The Master and Marger-Eat Her


----------



## AverageJoe (Mar 17, 2010)

The Bi Bull

*goes to Hell*


----------



## DotCommunist (Mar 17, 2010)

The Tibetan Book of The Dead Hot Sluts


Back three turns of the wheel


----------



## Melinda (Mar 17, 2010)

Louis MacNeice said:


> Snatch 22



I was working with_ Snatch Her in the Rye (grass_).

*face palms self*


----------



## AverageJoe (Mar 17, 2010)

The Adventures of Fuckleberry Finn


----------



## Red Horse (Mar 17, 2010)

The European Adventures of Cockmaster Finn 5


----------



## Red Horse (Mar 17, 2010)

Ah ha, no way!

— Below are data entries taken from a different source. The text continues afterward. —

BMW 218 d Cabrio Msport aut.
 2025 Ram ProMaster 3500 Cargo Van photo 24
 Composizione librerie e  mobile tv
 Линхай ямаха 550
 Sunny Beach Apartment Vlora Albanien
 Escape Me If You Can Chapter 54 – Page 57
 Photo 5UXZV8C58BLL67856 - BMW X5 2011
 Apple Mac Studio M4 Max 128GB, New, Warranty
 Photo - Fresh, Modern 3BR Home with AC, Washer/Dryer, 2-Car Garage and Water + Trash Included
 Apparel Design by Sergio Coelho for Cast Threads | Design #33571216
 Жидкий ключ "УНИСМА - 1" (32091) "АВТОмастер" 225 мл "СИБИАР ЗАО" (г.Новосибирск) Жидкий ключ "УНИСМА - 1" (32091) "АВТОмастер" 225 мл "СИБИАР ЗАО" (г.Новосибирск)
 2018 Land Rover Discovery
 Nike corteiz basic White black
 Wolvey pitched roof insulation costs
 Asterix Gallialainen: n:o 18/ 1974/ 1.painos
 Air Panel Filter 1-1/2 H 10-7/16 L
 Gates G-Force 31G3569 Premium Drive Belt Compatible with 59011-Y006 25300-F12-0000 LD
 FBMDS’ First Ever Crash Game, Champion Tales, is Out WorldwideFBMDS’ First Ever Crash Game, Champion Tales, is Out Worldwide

Just about to post that


----------



## damnhippie (Mar 17, 2010)

i was trying to work something out with The Red Badge Of Courage but i think it's better left alone tbh


----------



## Dillinger4 (Mar 17, 2010)

Melinda said:


> I was working with_ Snatch Her in the Rye (grass_).
> 
> *face palms self*


----------



## Melinda (Mar 17, 2010)

Rob and Sons Cruise Hoes.


----------



## Dillinger4 (Mar 17, 2010)

Melinda said:


> Rob and Sons Cruise Hoes.



You just redeemed yourself.


----------



## Red Horse (Mar 17, 2010)

Melinda said:


> Rob and Sons Cruise Hoes.



You were better off with the 'Snatch her in the Rye' shit


----------



## DotCommunist (Mar 17, 2010)

The Quranal destruction


*awaits fatwah*


----------



## Melinda (Mar 17, 2010)

Dillinger4 said:


> You just redeemed yourself.



Im leaving The Grapes of Wrath alone.


----------



## AverageJoe (Mar 17, 2010)

Lord of the Thighs


----------



## The Octagon (Mar 17, 2010)

Where's Willy?

(stretching the definition of 'classic' here I know)


----------



## AverageJoe (Mar 17, 2010)

damnhippie said:


> i was trying to work something out with The Red Vadge Of Courage but i think it's better left alone tbh



Fixed for you


----------



## DotCommunist (Mar 17, 2010)

Tom Bones School Gays


----------



## Red Horse (Mar 17, 2010)

Ivan's Hoes


----------



## Melinda (Mar 17, 2010)

DotCommunist said:


> Tom Bones School Gays



Lulz!


----------



## Red Horse (Mar 17, 2010)

The Octagon said:


> Where's Willy?
> 
> (stretching the definition of 'classic' here I know)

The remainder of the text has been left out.